Why you should quit your job to travel

Why you should quit your job to travel

Ever thought about quitting your job to travel for an extended period of time?

We’ve all sat there at our desks in the middle of a workweek and wished that we were roaming the world.

Well, we’ve done more than just contemplate this. We’ve actually done it. We’ve taken the plunge.

In the spring of 2015, we did something that on paper was really stupid. We quit jobs that paid us well and that we both liked. No alternative or backup plans. We were quitting our jobs to take six months to travel the world.

There were reasons to take the trip. We had a lot of airline miles and hotel points due to expire. We had a growing list of countries we were craving to visit. #wanderlust had set in. The time was as right as it was ever going to be.


Rock cairns on the Isla del Sol, Bolivia
Rock cairns on the Isla del Sol, Bolivia

There were a LOT more reasons to not go on the trip.

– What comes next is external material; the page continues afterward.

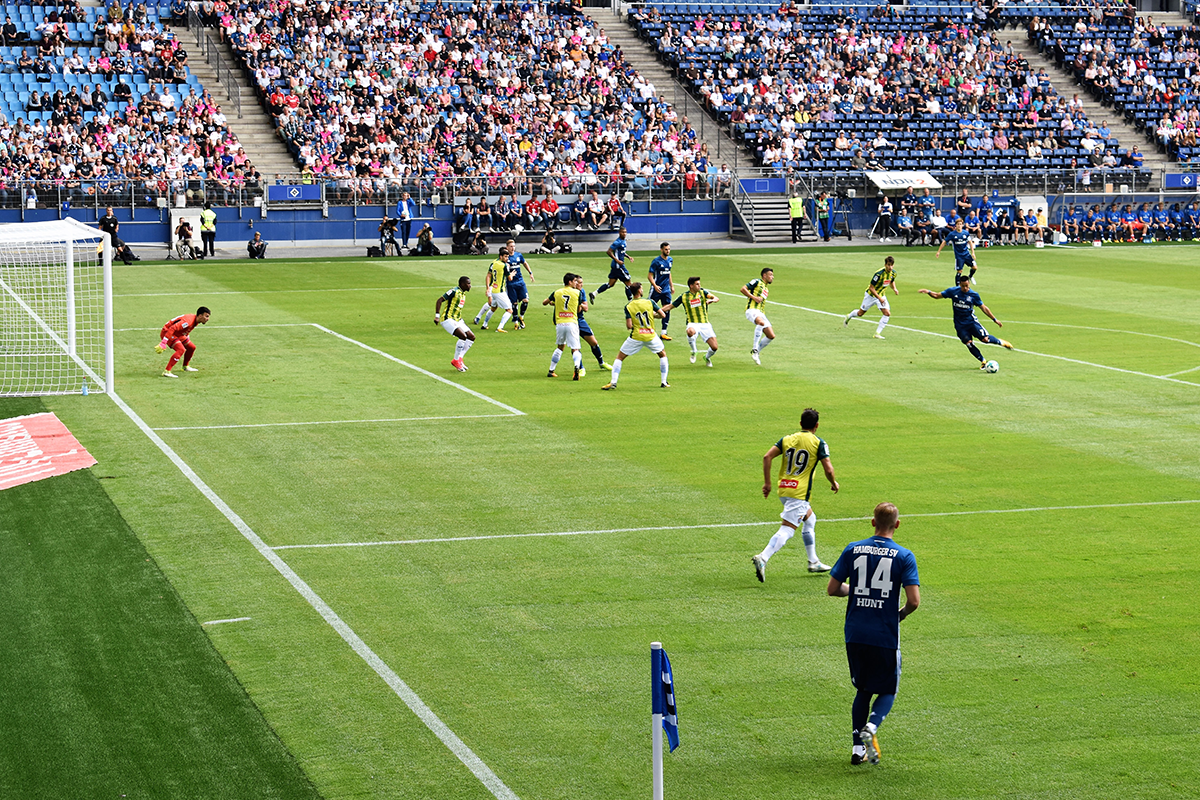 Kamera na futbalovom zápase pristihla malého chlapca fajčiť. Zistilo sa, že ide o muža v strednom veku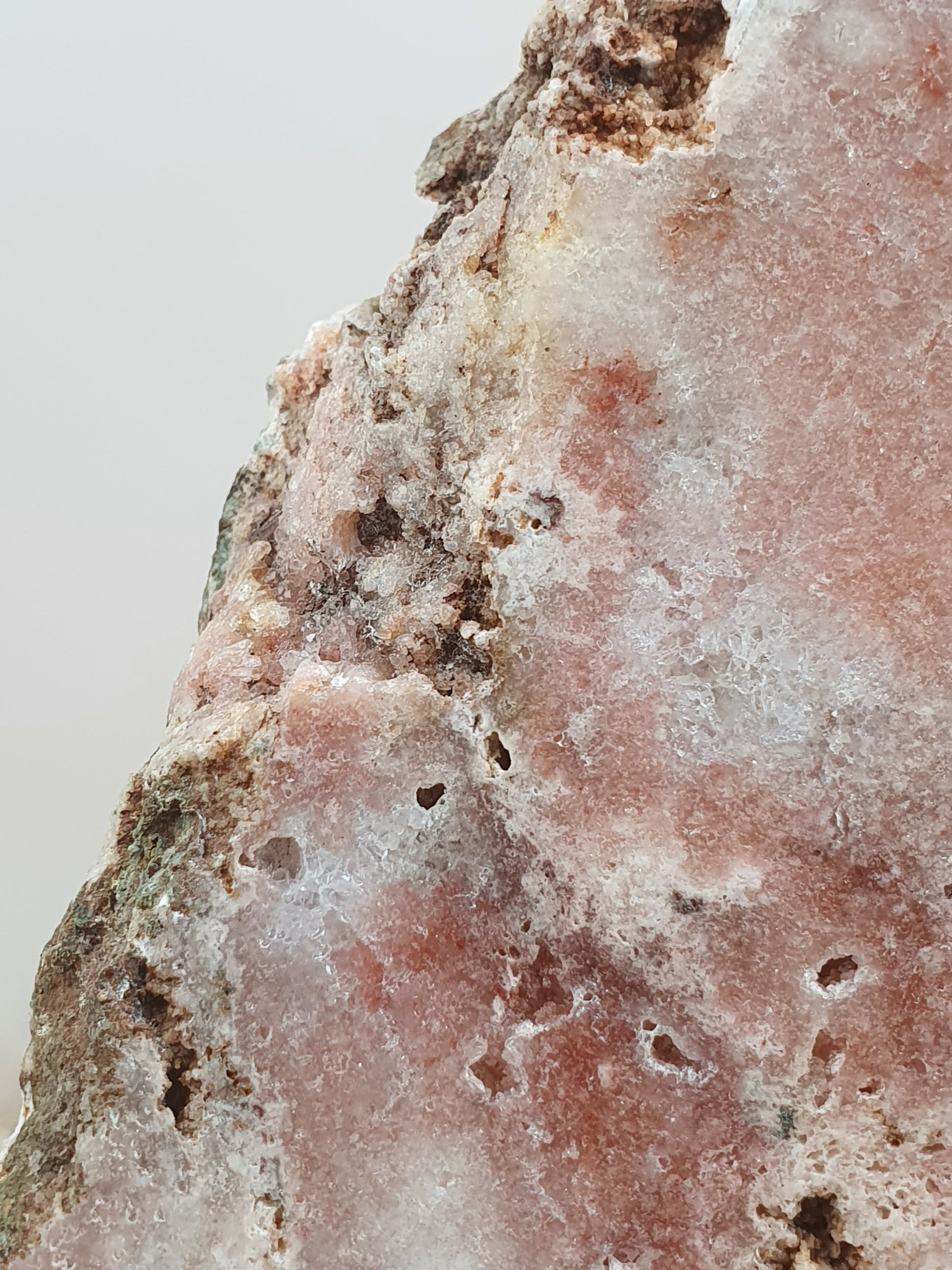 Pink Amethyst Platte auf Ständer (1)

We were putting an irrevocable multi-month hole in our resume, a hole that was certain to prompt awkward questions for at least the next five years of interviewing.

We were leaving great jobs at influential companies in our industries.

We were making a horribly irresponsible financial decision.

These thoughts weighed on us. But after completing the trip and having a few months to reflect on it, we have no regrets. The trip broadened our perspective beyond our wildest expectations, refreshed our outlook on life, gave us time to think, and allowed us to deepen our relationship (we were each other’s best possible travel companions, but that’s another story).

Halong Bay, Vietnam
Halong Bay, Vietnam

We’ll go further, though: a period of extended travel should be viewed as strengthening the resume, giving hiring managers an extra level of confidence in a candidate.This is what we experienced on our return. Getting roles at companies that we were excited about was not a problem. Extended travel teaches you a unique set of skills that are directly applicable to a business context:

  • Balancing short and long term priorities. Balancing the effort that goes into planning what you’re doing that morning versus what country you’ll be in next week versus what continent you’ll be on in a month is great preparation for today’s jobs. The need to find this balance is perpetual too, as each day brings a new adventure to plan and a new wrinkle in your longer term vision. This type of prioritization is critical to the job of all young professionals and managers across industry and function. Our experience traveling sharpened this skill in a way that no work experience ever could.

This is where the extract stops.